La discussione viene avviata da Caruso, scettico sul libero arbitrio, il quale sostiene che ”il modo in cui siamo è fondamentalmente il risultato di fattori che sfuggono al nostro controllo” e che quindi non esiste possibilità di libero arbitrio. Dennett, probabilmente un consequenzialista, controbatte sostenendo comunque la responsabilità individuale, il merito nei propri successi o insuccessi, e la necessità sociale di una giustizia. Anche se non si è consapevoli di essere condizionati dall’esterno, la capacità di decisione resta immutata. Di conseguenza il sistema di pene deve esistere ma non deve essere retributivo e non deve servire da deterrente contro possibili azioni delinquenziali commesse da altri.

Si affrontano i problemi del merito e della fortuna: è una questione di fortuna essere nati in condizioni di vita favorevoli? E allora si punisce la colpa o la sfortuna sociale? Il merito dipende dall’impegno individuale e dalla scelta del proprio comportamento (Dennett) o dalle situazioni di vita di cui non si è responsabili (Caruso)? Come affrontare le cause sistemiche delle disuguaglianze economiche, del razzismo, del sessismo, della disparità educativa?

A proposito del libero arbitrio e del condizionamento imposto dalle circostanze, Dennett sostiene la capacità di autodeterminazione degli individui, costruita pazientemente fin dalla nascita dalla famiglia e dalla scuola, attraverso una graduale educazione alla responsabilità delle proprie azioni all’interno di una società.

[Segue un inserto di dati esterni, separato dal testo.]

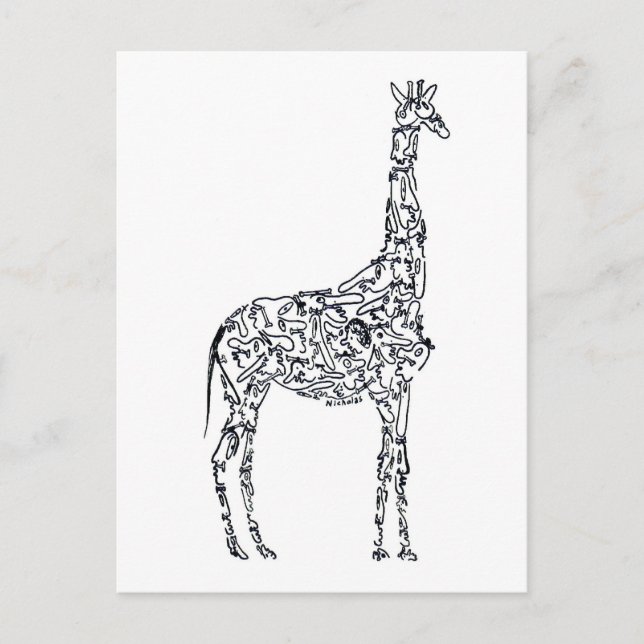 AFRIKANISCHE GIRAFFE von NICHOLAS Postkarte (Vorderseite)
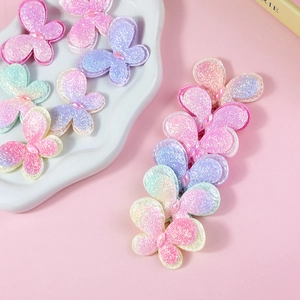 DIY colorful butterfly hair clips with glitter fabric and sparkling rhinestones for girls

Lo Stato deve essere in grado di imporre delle regole e, soprattutto, deve farle rispettare: regole chiare, condivise e approvate dalle persone, certamente migliorabili. Queste rendono la società stabile e sicura perché chi sceglie di disobbedirvi deve essere considerato meritevole delle conseguenze previste dalle regole stesse; le pene sono giuste solo se meritate, ed è importante sia non punire gli innocenti sia punire i colpevoli in relazione alle loro violazioni: come in ogni gioco onesto, a seconda di ciò che fanno, i vincitori meritano di vincere e i trasgressori meritano di essere penalizzati o addirittura estromessi dal gioco.

Caruso a sua volta, da scettico sul libero arbitrio, non ammette responsabilità di merito o di colpe e di conseguenza non può ammettere una giustizia retributiva; propone invece un sistema di quarantena per tenere lontano chi delinque dalla possibilità di farlo ancora. Inoltre si oppone alle teorie consequenzialiste della deterrenza (cioè alla punizione come monito), ma ritiene che chi sia stato offeso abbia il diritto di proteggersi dal comportamento immorale altrui e dalle sue conseguenze. Se un individuo rappresenta una minaccia (perché determinato da tutto il suo passato fin dai tempi in cui ancora non esisteva) è necessario incapacitarlo, chiedendo giustificazioni del suo comportamento se ne è consapevole, e provvedendo con forme di trattamento adeguate alla sua riabilitazione.

I due filosofi concordano sulle molte ingiustizie del sistema giudiziario americano e citano la questo proposito a legge californiana dei tre colpi che prevedeva, negli anni ’90, una pena da venticinque anni all’ergastolo per chi aveva commesso più di due piccoli furti e ne fosse stato condannato.

Nel corso del dialogo si alternano punti di vista sulla società, condizionante secondo Caruso oppure, secondo Dennett, capace di formare persone in grado di assumersi la responsabilità di controllarsi e di non lasciarsi controllare da altri. I temi della responsabilità individuale e del comportamento condizionato da circostanze più o meno fortunate (o fortunose) vengono dunque analizzati da entrambi i filosofi e ciascuno controbatte con esempi, controesempi e articolate argomentazioni le opinioni dell’altro.

Pur ribattendo punto per punto le opinioni avversarie, alla fine dello scontro non si arriva a posizioni condivise. Quindi non ci sono conclusioni su cui concordare ed è lasciata al lettore la responsabilità di decidere chi dei due contendenti sia stato più convincente e chi abbia offerto la teoria più coerente.